Rewriting South Asian geopolitics
BY MPost28 May 2014 5:07 AM IST
MPost28 May 2014 5:07 AM IST
The days of ‘non-alignment’, it seems, are over. The time instead has come for strategic realignments, indeed bolstering of South Asian Association for Regional Cooperation (SAARC), the subcontinent and its adjoining areas, indeed the turmoil-infested neighbourhood. Prime Minister Narendra Modi’s intelligent move, that of throwing the gauntlet of good diplomacy and semiotic candy of welcome gesture towards the fellow premiers, has kickstarted a cycle of reciprocity, which has the power to redraw the contours of South Asian history, politics and economics.
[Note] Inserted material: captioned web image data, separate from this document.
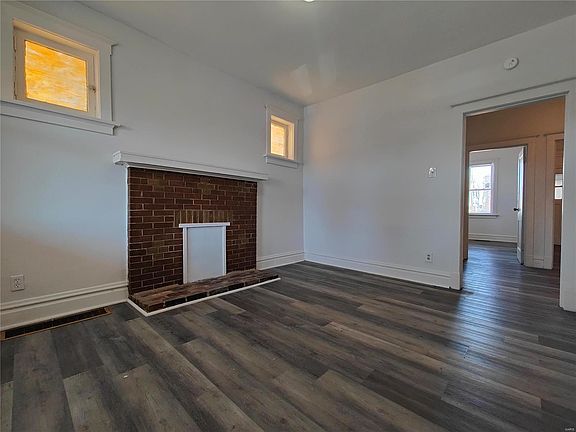 3rd image of 4273 Oleatha Ave
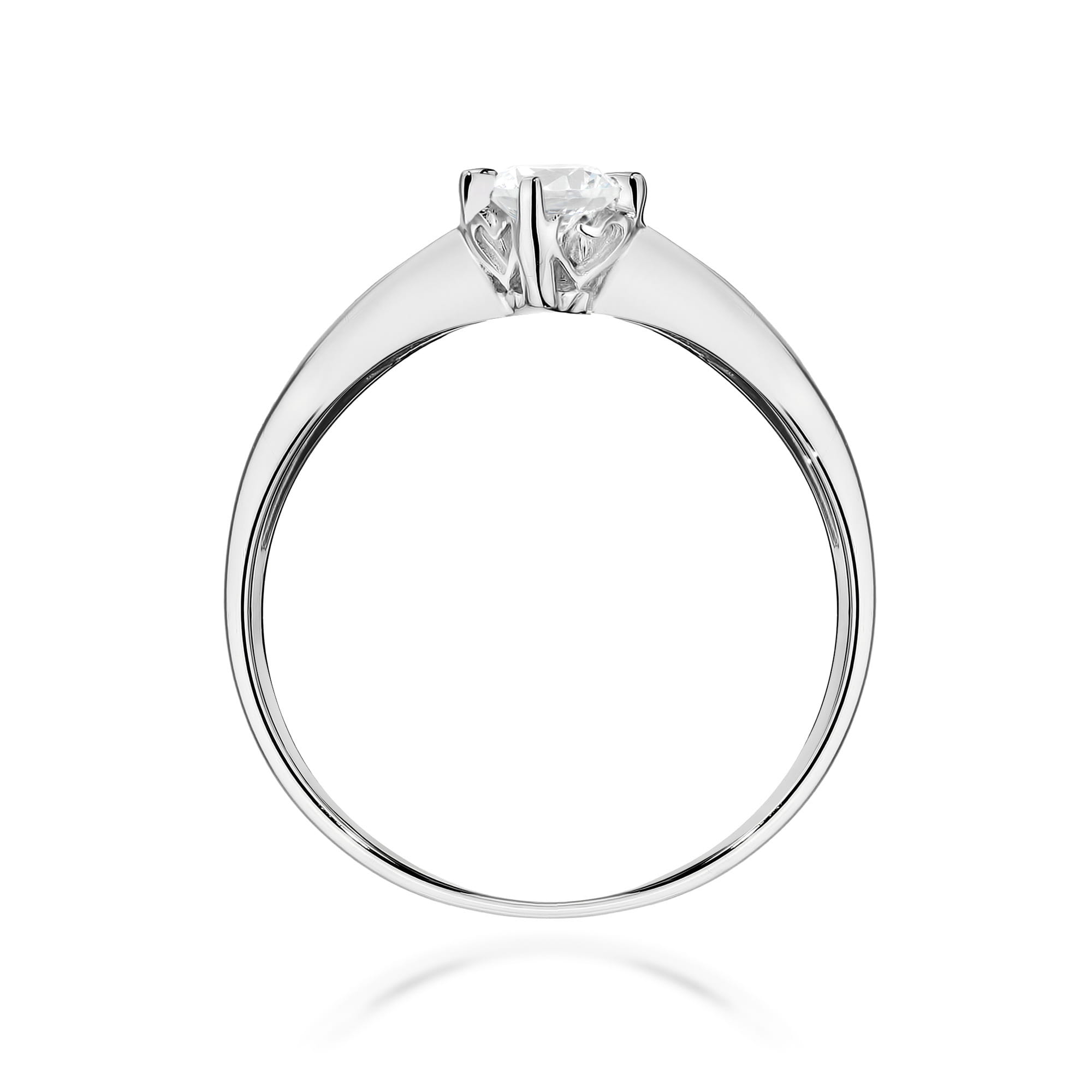 Gold Ring With Lab-Grown Diamond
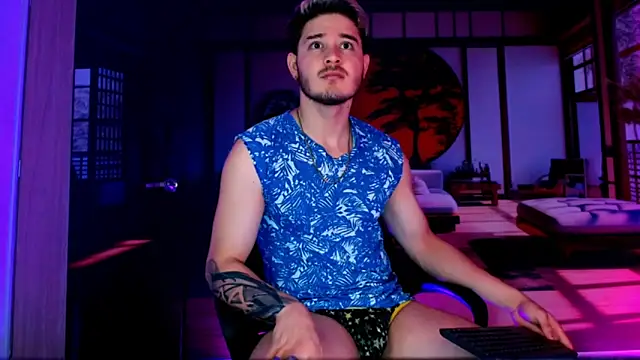 RayanLynxx online show from January 5, 7:28 pm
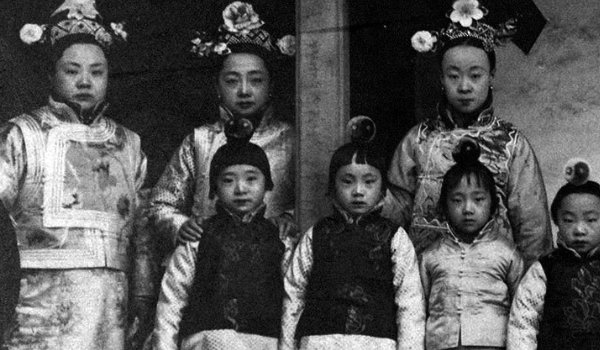 关姓，也就是满族的“瓜尔佳氏”是满族八旗中什么旗有谁知道？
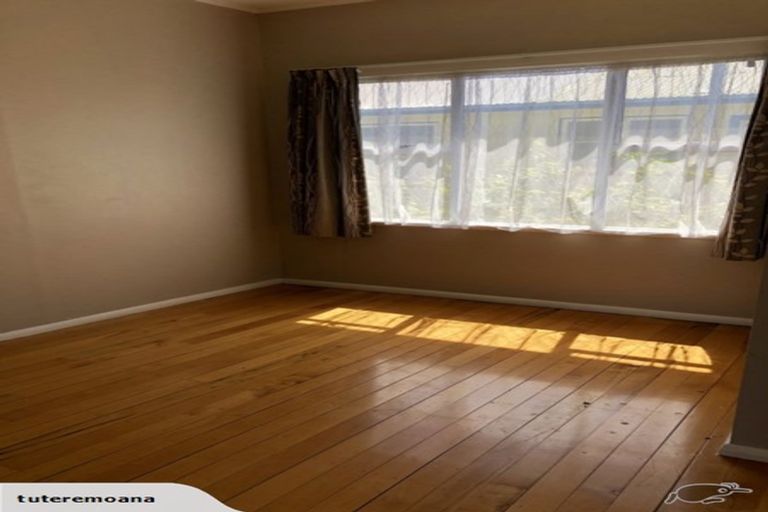 Photo of property in 72 Kent Street, Carterton, 5713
The jewel among all the soft diplomatic parleys which PM Modi had with all the other SAARC country heads or representatives was the meeting with Pakistani Prime Minister Nawaz Sharif, a rendezvous that had been looked forward to by eager eyes of people from both sides of the border. That Modi’s oath-taking ceremony was broadcast live in Pakistan, with newspapers and channels dissecting the new cross-border gamble with gusto, signals indeed the possibility of a new era in Indo-Pak relations, which would be forged over pragmatics instead of posturings. With issues like terrorism, 26/11 attacks, bilateral trade, prospect of granting India the ‘most favoured nation’ tag, ruling the roost, Sharif and Modi exuded a positivism unseen for a long time in the body language of politicians, diplomats and other emissaries negotiating peace and more such elusive goals. The firm handshake notwithstanding, Modi and Sharif have a long and bumpy road ahead before any semblance of a pacific new normal can be established and before better governance can be translated into a changed and reconfigured discourse of amity.
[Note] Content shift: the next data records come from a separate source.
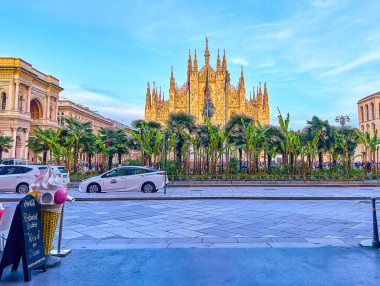 MILAN, İTALYA - 11 Nisan 2022: 11 Nisan 'da İtalya' nın Milano kentinde, sansür zamanında Milano şehir merkezini keşfetmek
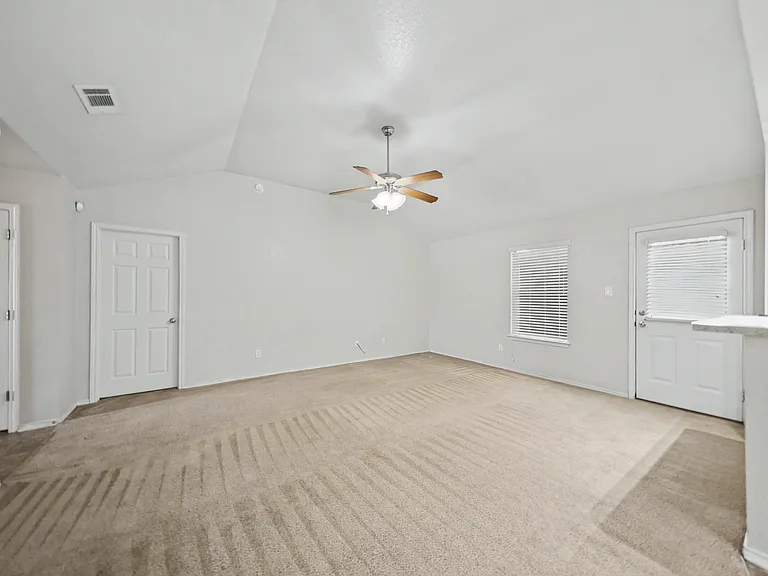 1123 Marlee Cir — Photo 10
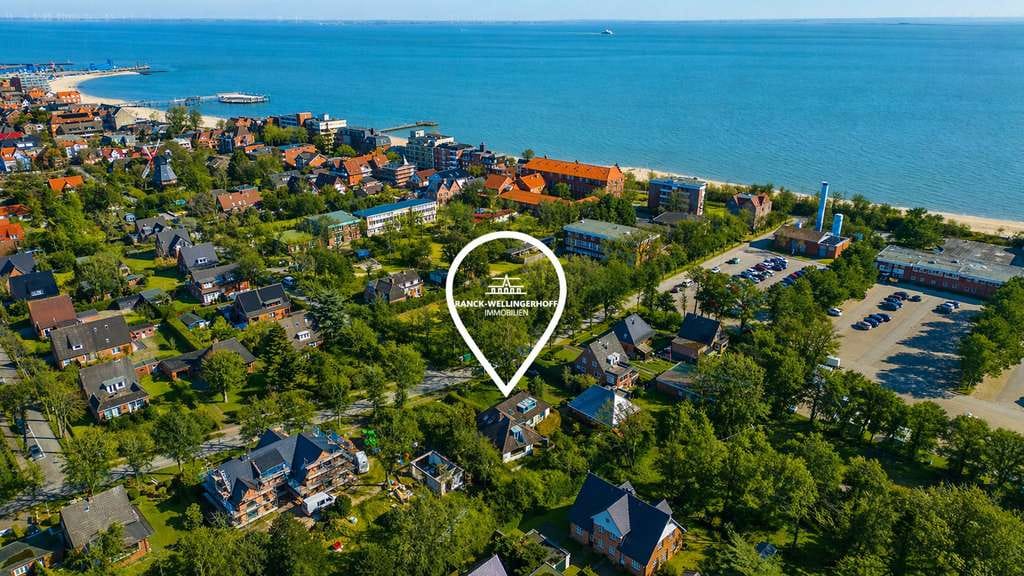 Immobilie in Wyk auf Föhr - Attraktives Grundstück mit Bestand in strandnaher Toplage - ideal für Sanierung oder Neubau - Bild 2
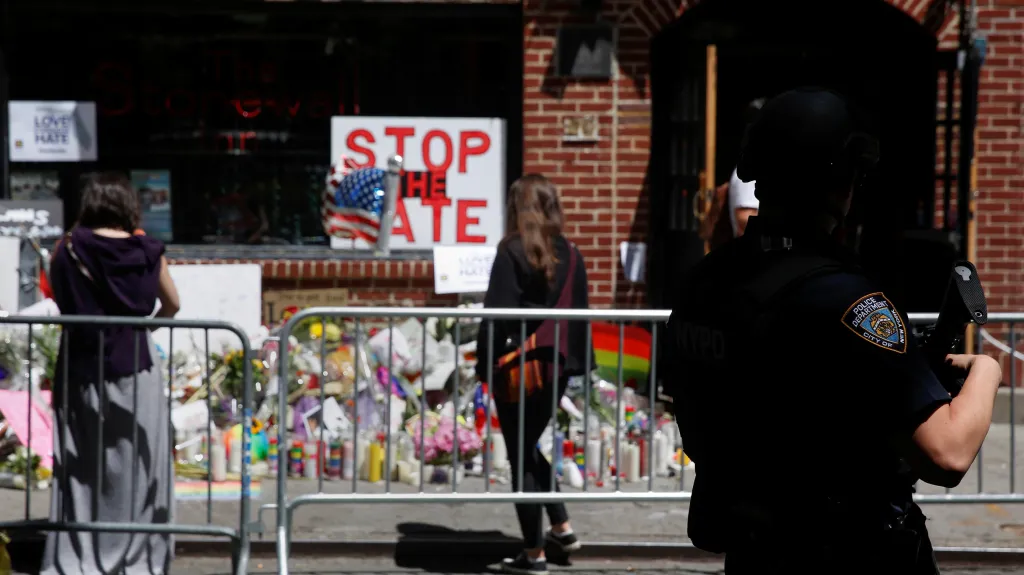 Pietní místo v New Yorku připomíná oběti střelby v Orlandu
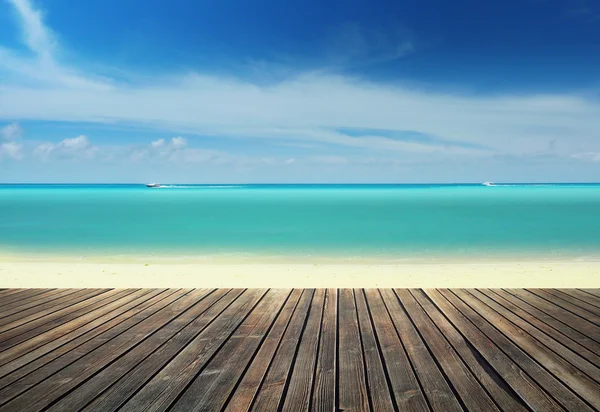 tropikal ahşap iskele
However, while betterment of Indo-Pak relations is integral to it, under no circumstances is it the whole story of reworking South Asian geopolitics. Hence, the bilateral ties with Afghanistan, Bangladesh, Sri Lanka, Maldives, Bhutan and Nepal assume as much of importance as any other, and Modi’s well-thought move to give every nation its due by meeting them all individually would go down in history as a brilliant, even if symbolic, tactic that pleased all. The specific problems and the rough edges of the particular relationships could only be removed or at least minimised through long-term and dedicated diplomacy aimed at mutual benefit, prosperity and development, with greater integration of cultural and economic activities and aspirations of the bloc. South Asia, after the Nehru-Indira years, had been reduced to a territorial equivalent of Bollywood, compensating through cinemascope what it lacked in hard power or economic muscle. Actual battles and the long proxy war with Kashmir-obsessed and terrorism-instigating Pakistan, witnessing Afghanistan’s transmogrification into a ‘graveyard of foreign policy’, genocide of Tamils in Sri Lanka, persecution of Hindus in Bangladesh, the troubled waters of River Teesta – had all contributed in weakening, indeed annihilation, of the idea of South Asia as a geostrategic powerhouse. It’s time to reconsolidate that flagging ideal.